Raw data:
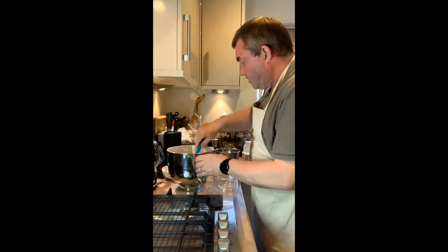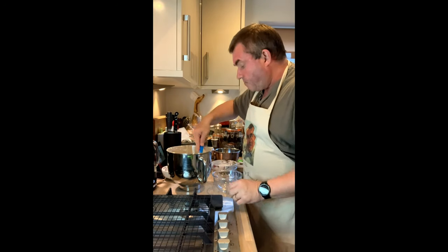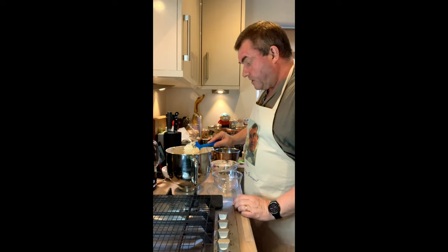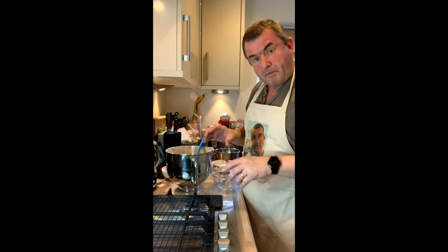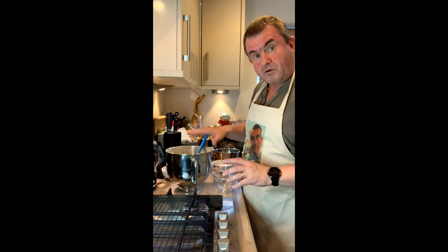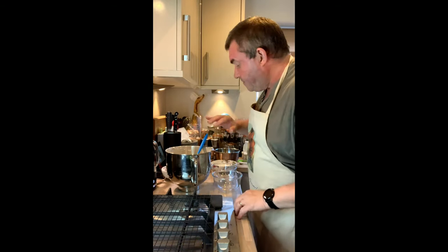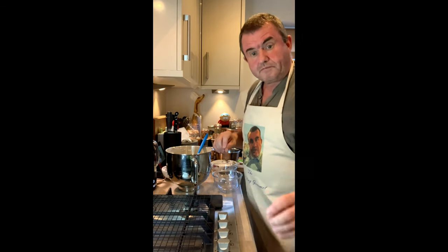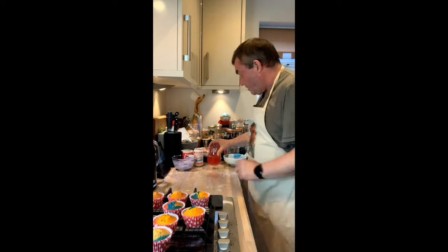I should point out that I added the vanilla earlier but I haven't added any milk because I think this is quite a nice light consistency — remember we've got to pipe it out. So I haven't used any milk. I've got my six bowls of color.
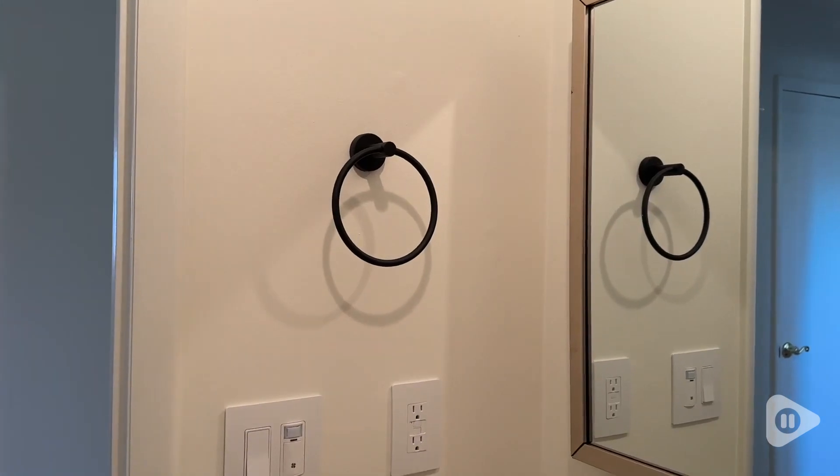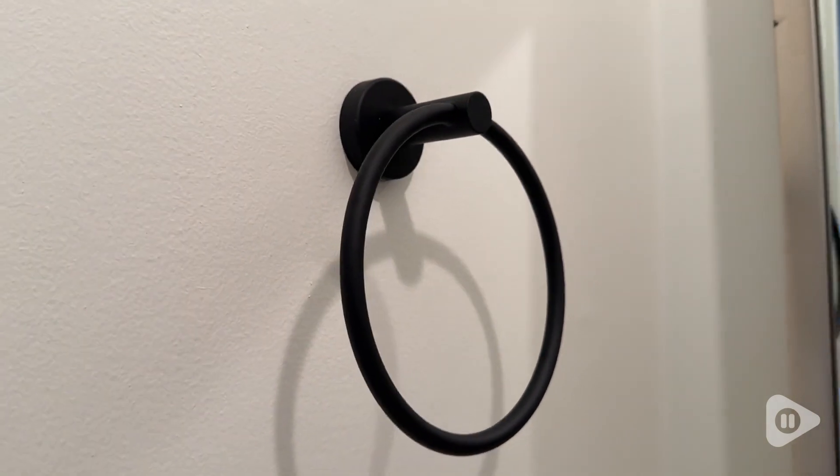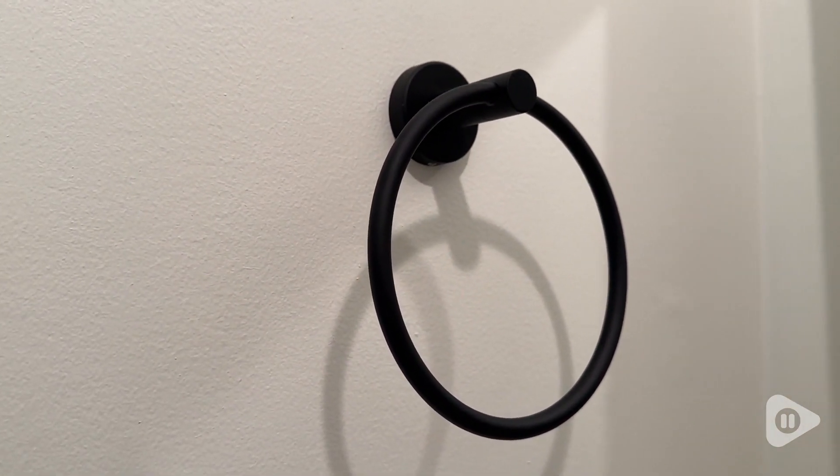Hey guys, it's Alicia with WTI. Are you looking for an easy upgrade to your bathroom? This matte black toilet paper holder and towel ring set from RAR XTR is an awesome and easy way to upgrade your bathroom.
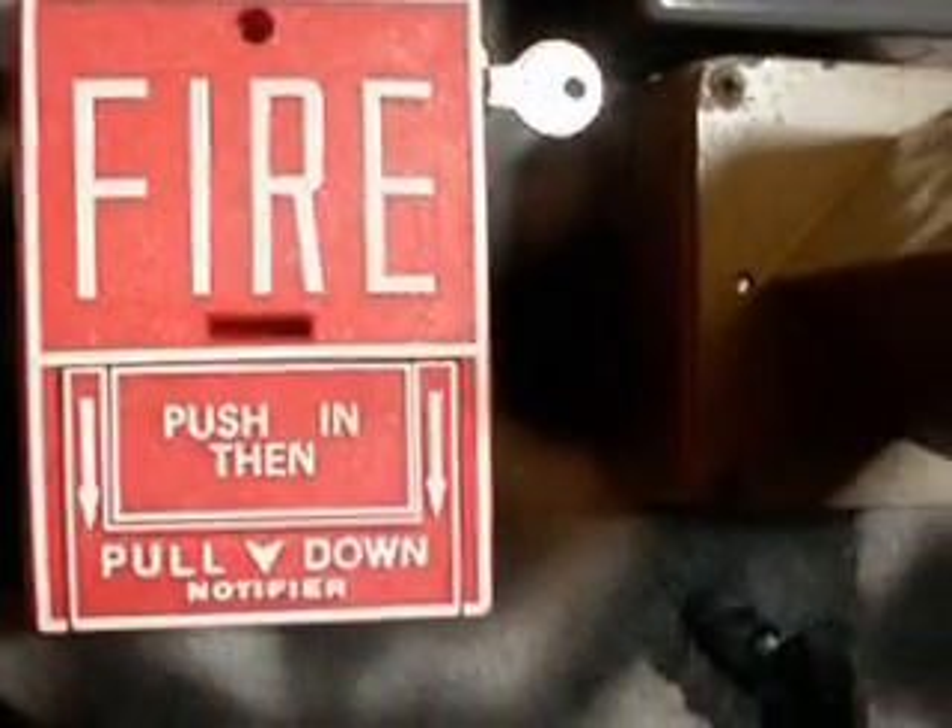There's a pull station that activates the system. And this is a Faraday horn with a projector on it. The horn has a silent switch that uses a key.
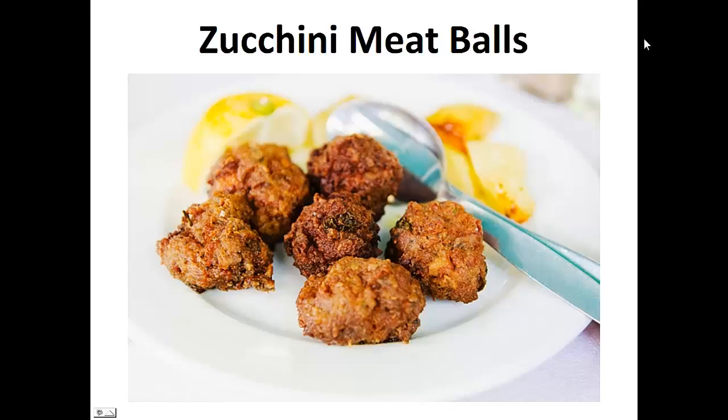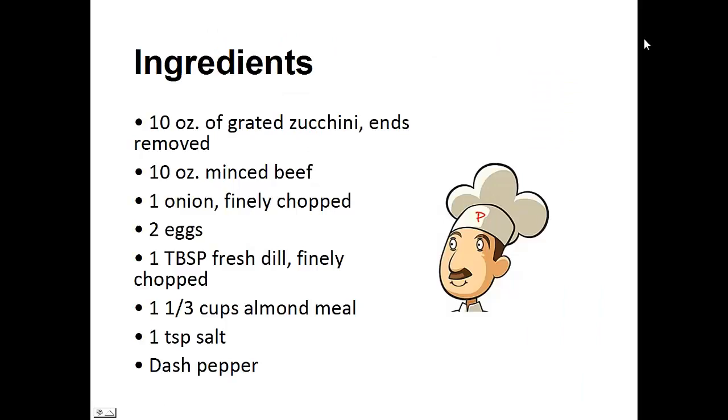Now on to the recipe: Zucchini meatballs. Ingredients: 10 ounces of grated zucchini with the ends removed, 10 ounces of minced beef, 1 onion finely chopped, 2 eggs, 1 tablespoon of fresh dill finely chopped, 1 and a third cups of almond meal, 1 teaspoon of salt, and a dash of pepper.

Task description:
Set the pictures aside and reproduce exactly the lines above, from the line holding "Hey guys, it's" through the line holding "There's a pull", both included, with nothing else.

Task answer:
Hey guys, it's Alicia with WTI. Are you looking for an easy upgrade to your bathroom? This matte black toilet paper holder and towel ring set from RAR XTR is an awesome and easy way to upgrade your bathroom.
There's a pull station that activates the system. And this is a Faraday horn with a projector on it. The horn has a silent switch that uses a key.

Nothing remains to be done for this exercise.